• [EXTRACTED MATERIAL]
──────────
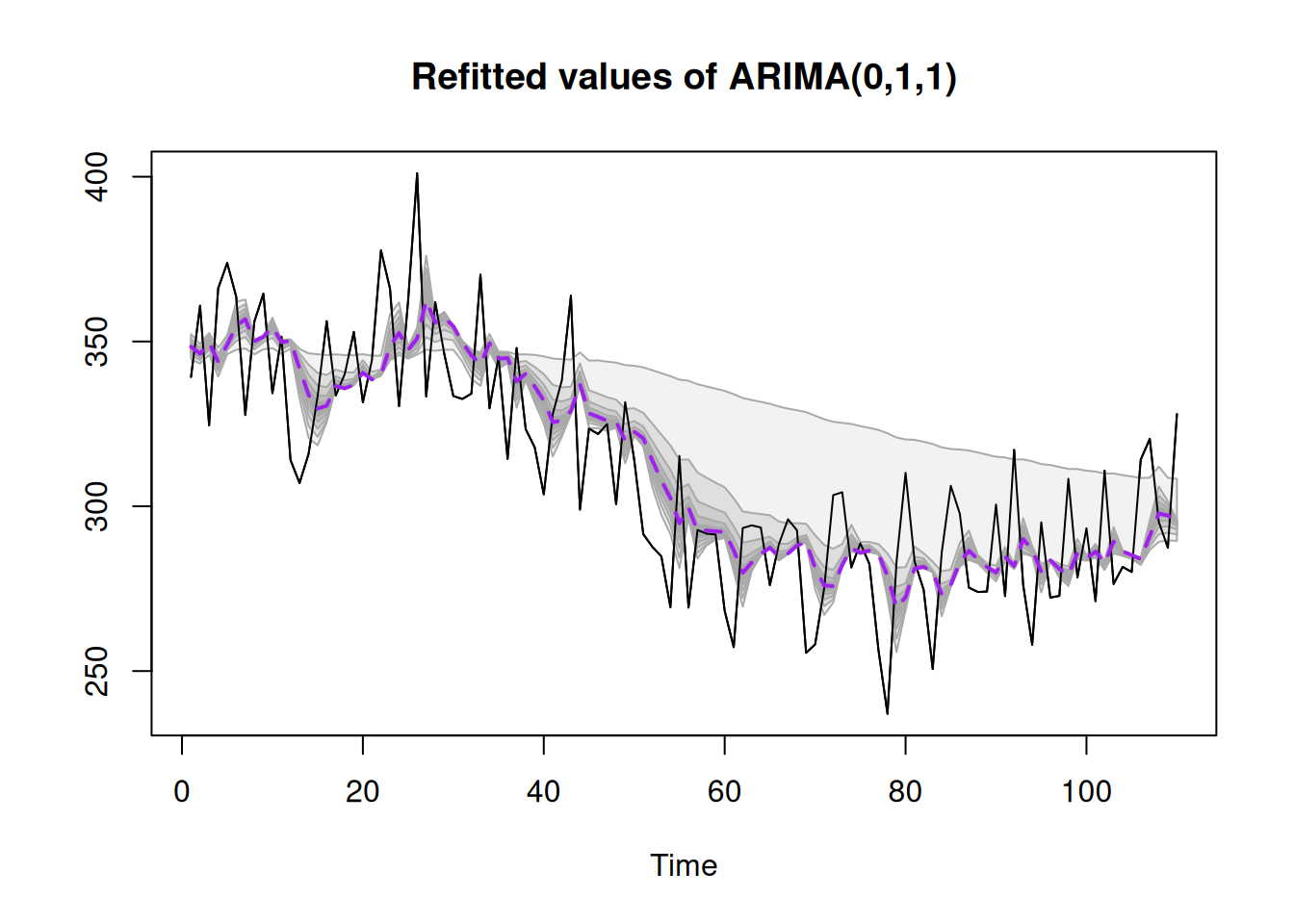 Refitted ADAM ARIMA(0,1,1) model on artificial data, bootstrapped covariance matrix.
──────────
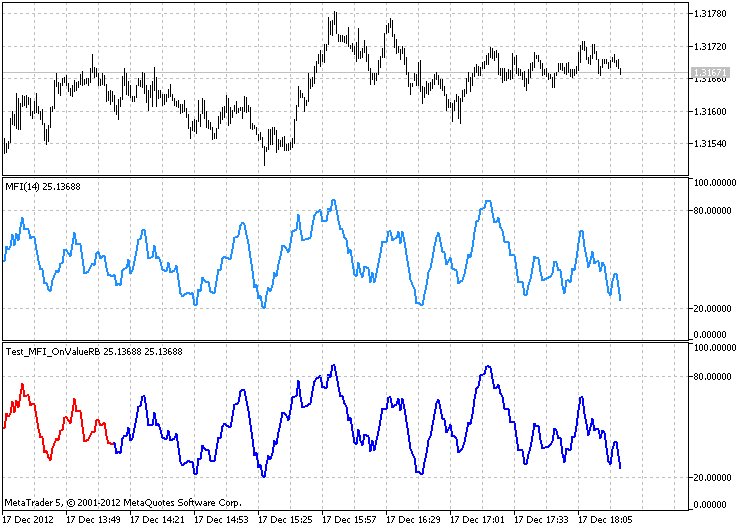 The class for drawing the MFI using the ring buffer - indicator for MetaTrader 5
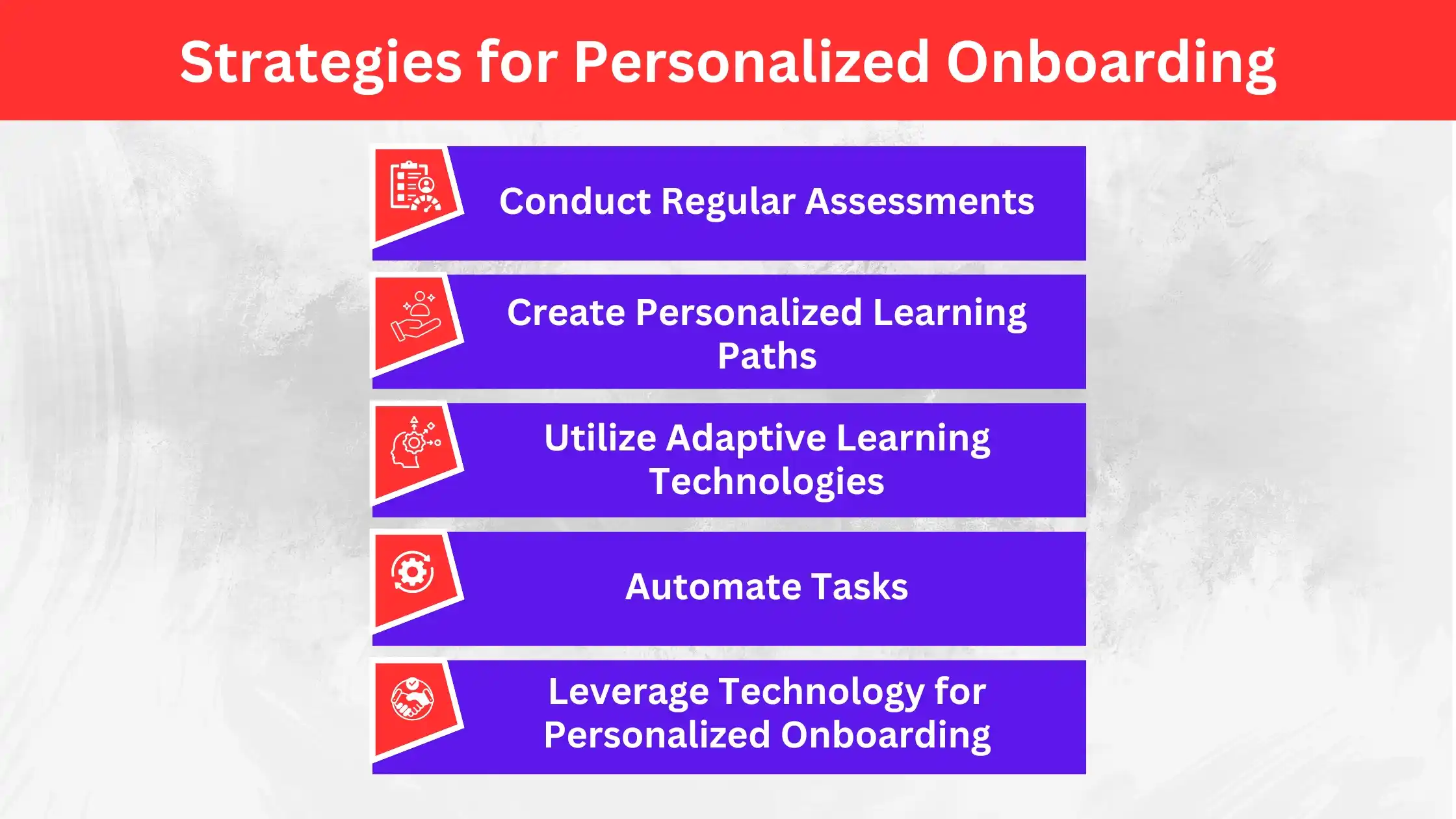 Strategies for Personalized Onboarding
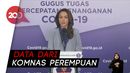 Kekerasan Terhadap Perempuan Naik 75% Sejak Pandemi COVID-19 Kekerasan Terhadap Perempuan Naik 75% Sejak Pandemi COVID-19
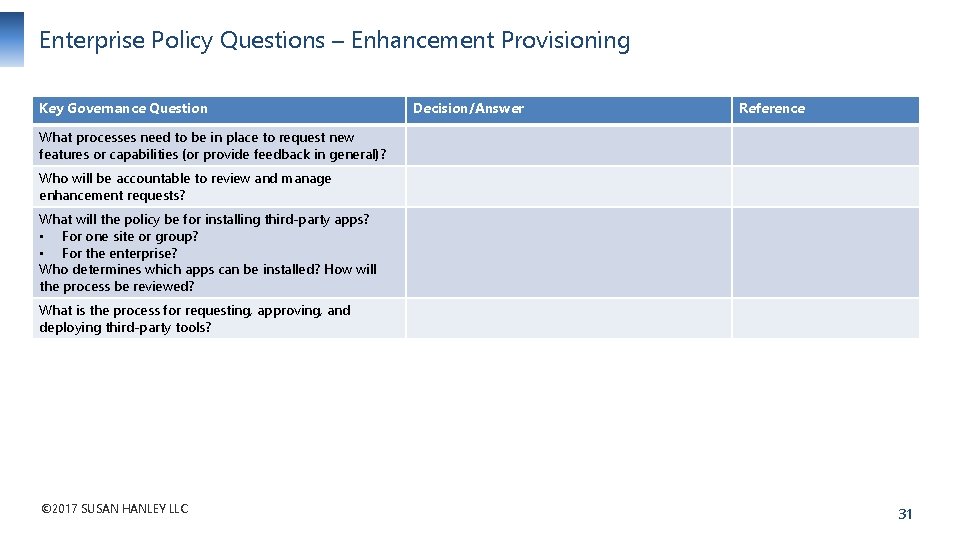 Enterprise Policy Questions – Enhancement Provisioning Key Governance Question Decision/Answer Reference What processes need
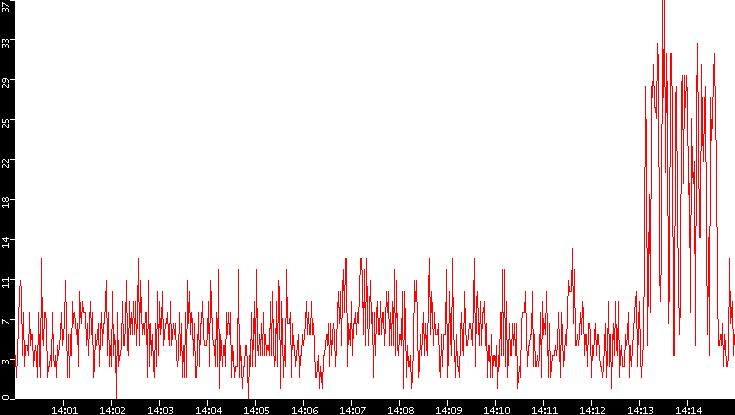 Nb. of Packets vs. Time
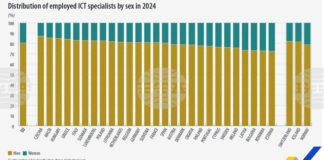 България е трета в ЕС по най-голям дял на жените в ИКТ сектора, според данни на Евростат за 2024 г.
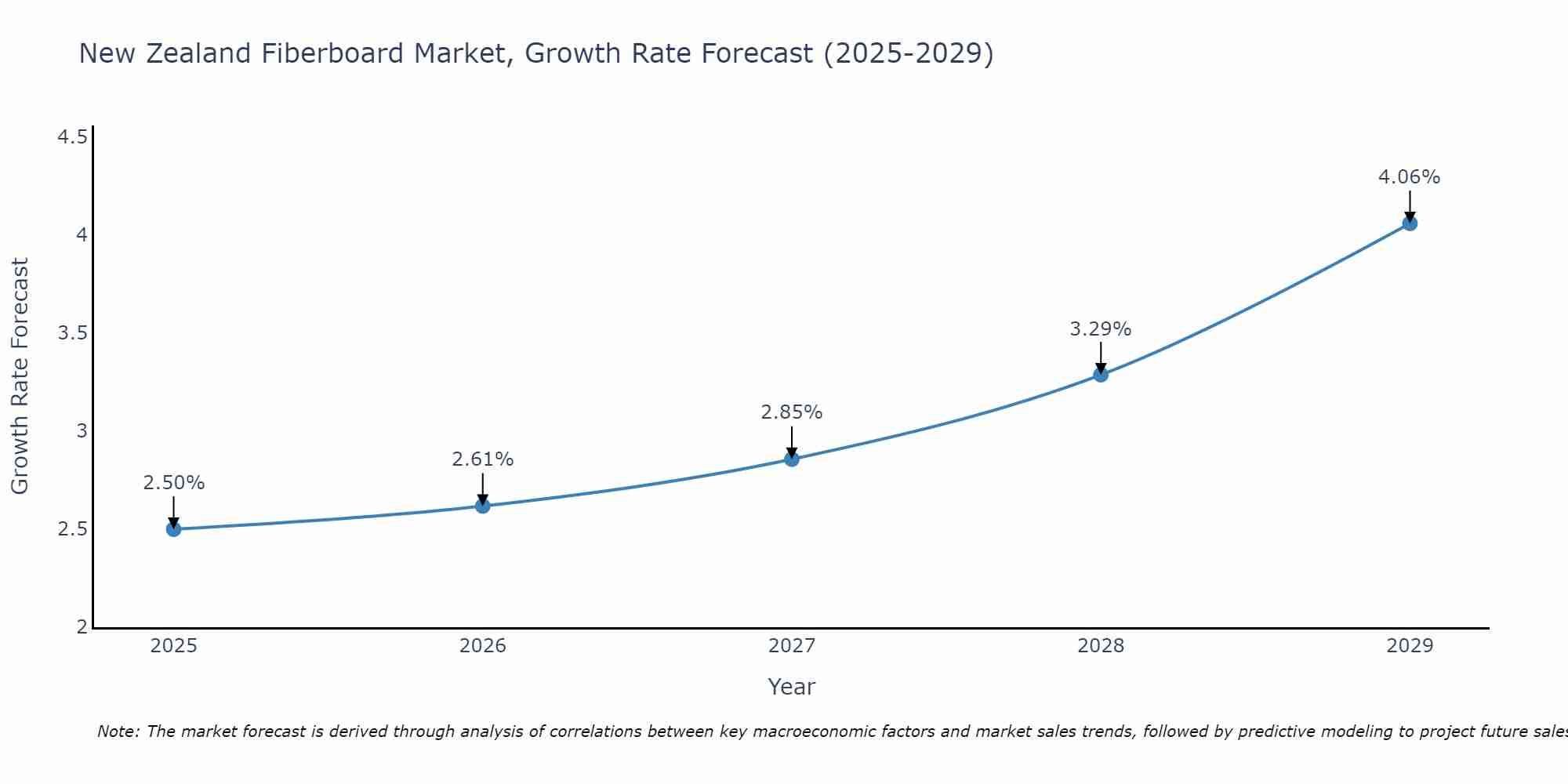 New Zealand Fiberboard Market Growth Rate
──────────
• [WHAT YOU NEED TO DO] Give back exactly the lines above that run from the one with "Pandemi COVID-19 Kekerasan" to the one with "Nb. of Packets vs. Time", including both, with the pictures left out.

• [ANSWER TO THIS EXERCISE]
 Kekerasan Terhadap Perempuan Naik 75% Sejak Pandemi COVID-19 Kekerasan Terhadap Perempuan Naik 75% Sejak Pandemi COVID-19
 Enterprise Policy Questions – Enhancement Provisioning Key Governance Question Decision/Answer Reference What processes need
 Nb. of Packets vs. Time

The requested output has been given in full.